Migration: React Navigation → Expo Router
If you're on Expo, migrating is straightforward:
- Create
app/directory with_layout.tsx - Move screens into the file structure matching your routes
- Replace
navigation.navigate()withrouter.push()or<Link> - Convert navigators to
_layout.tsxfiles (Stack, Tabs, Drawer) - Remove linking configuration — it's automatic now
Effort: 1-3 days for a typical app with 10-20 screens.
FAQ
Can I use both together?
Expo Router is built on top of React Navigation. Under the hood, it's the same navigation primitives. You can use React Navigation APIs within Expo Router when needed.
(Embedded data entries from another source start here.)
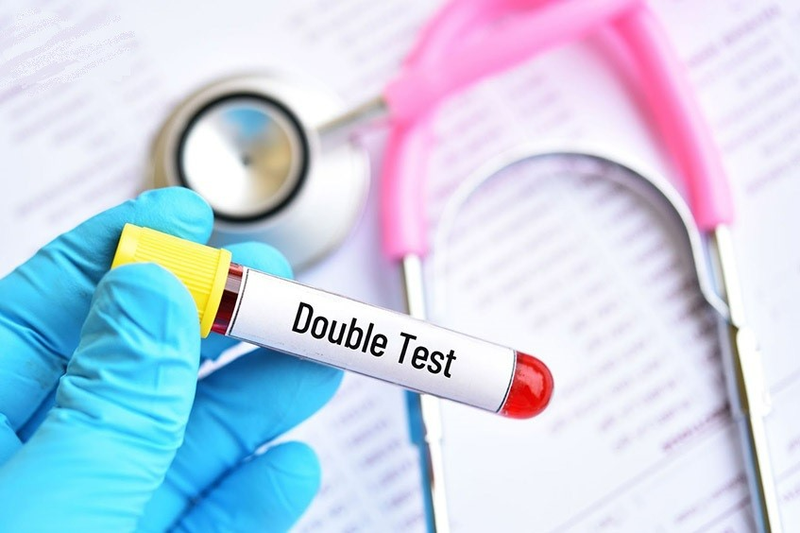 Xét nghiệm Double Test hết bao nhiêu tiền và quy trình ra sao?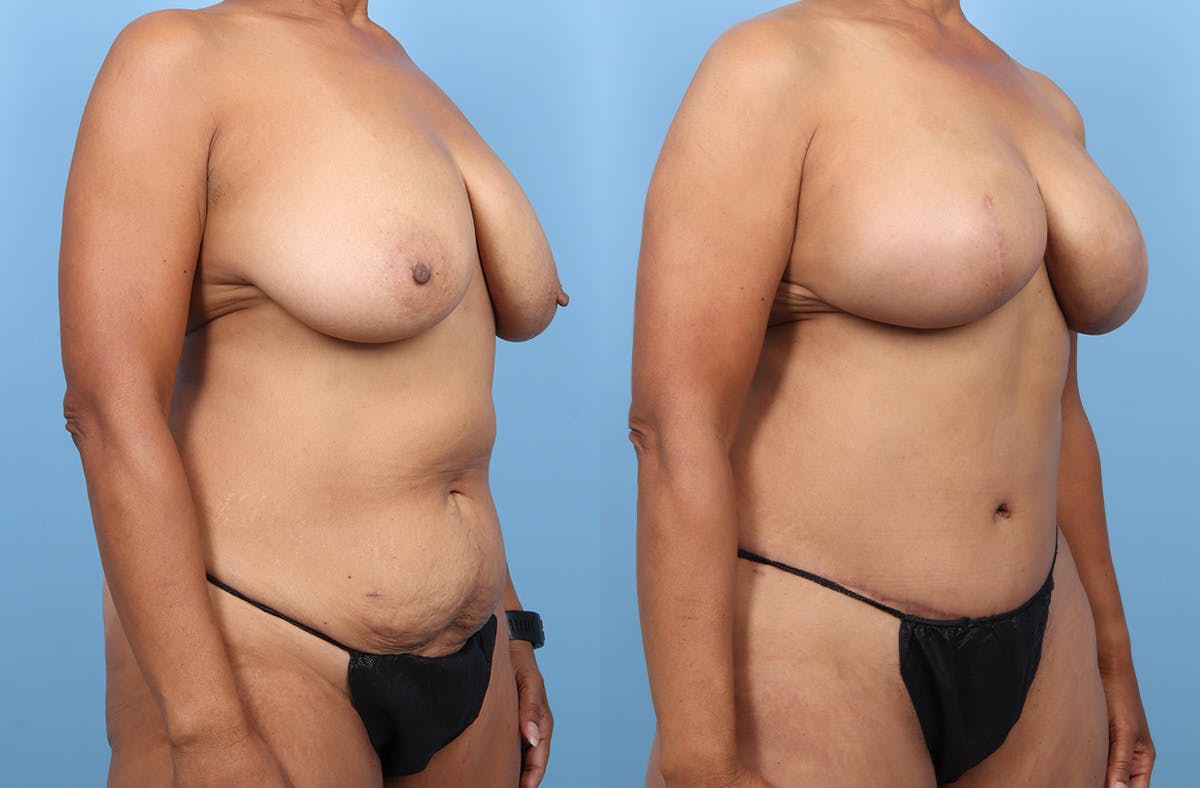 DIEP Flap Reconstruction Before & After Gallery - Patient 307005 - Image 2
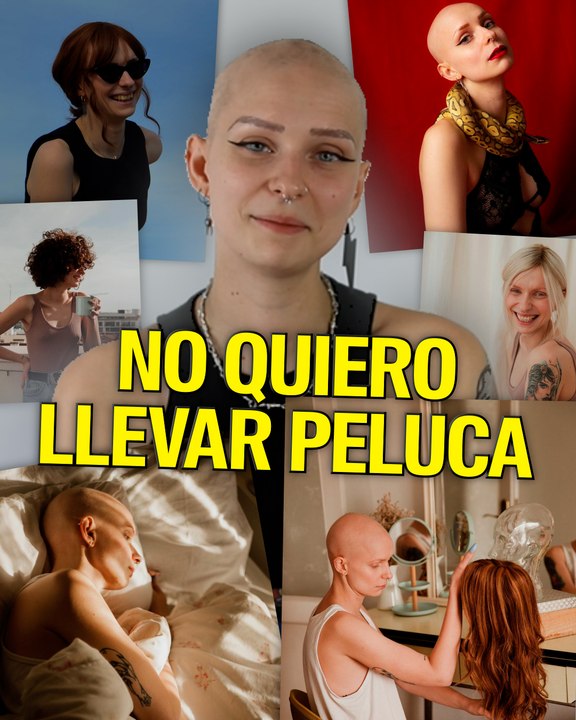 ¿Cómo es vivir con alopecia femenina?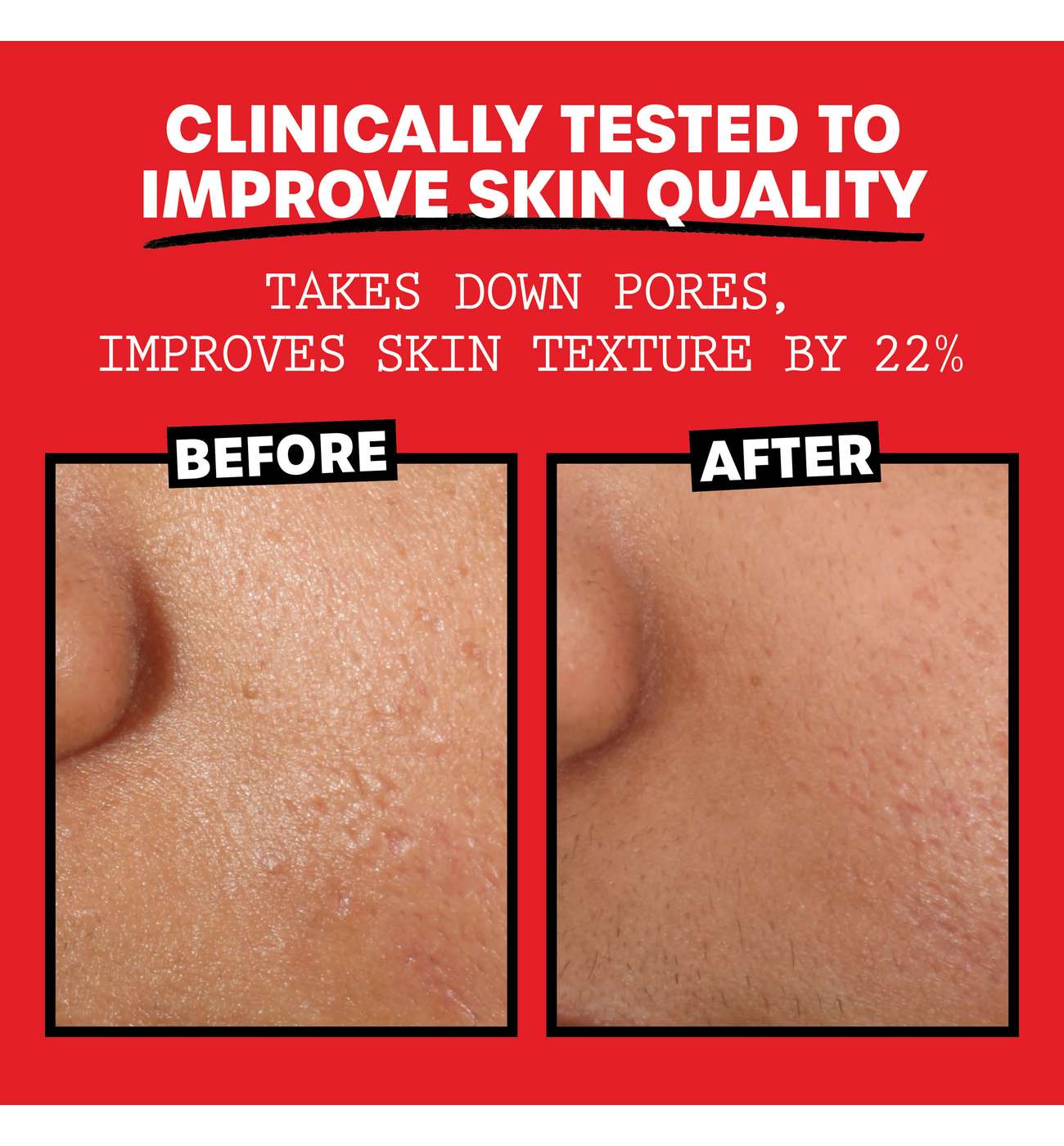 Thayers Witch Hazel Facial Toner - Unscented, Alcohol Free; image 3 of 6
Which is better for a new project?
If using Expo (recommended for most new projects): Expo Router. If bare React Native: React Navigation.
Does Expo Router work for complex apps?
Yes. It handles tabs, stacks, drawers, modals, and nested navigation. For truly unusual patterns, you can drop down to React Navigation APIs.
Is React Navigation going away?
No. React Navigation is actively maintained and is the foundation that Expo Router builds on. Both will coexist.
The Verdict
- Expo Router for new Expo projects. Better DX, automatic deep linking, type safety, and universal web support.
- React Navigation for bare React Native, existing apps, or when you need maximum navigation flexibility.
For most React Native developers starting a new app in 2026, Expo Router is the clear choice. It provides the best developer experience while handling the painful parts (deep linking, type safety) automatically.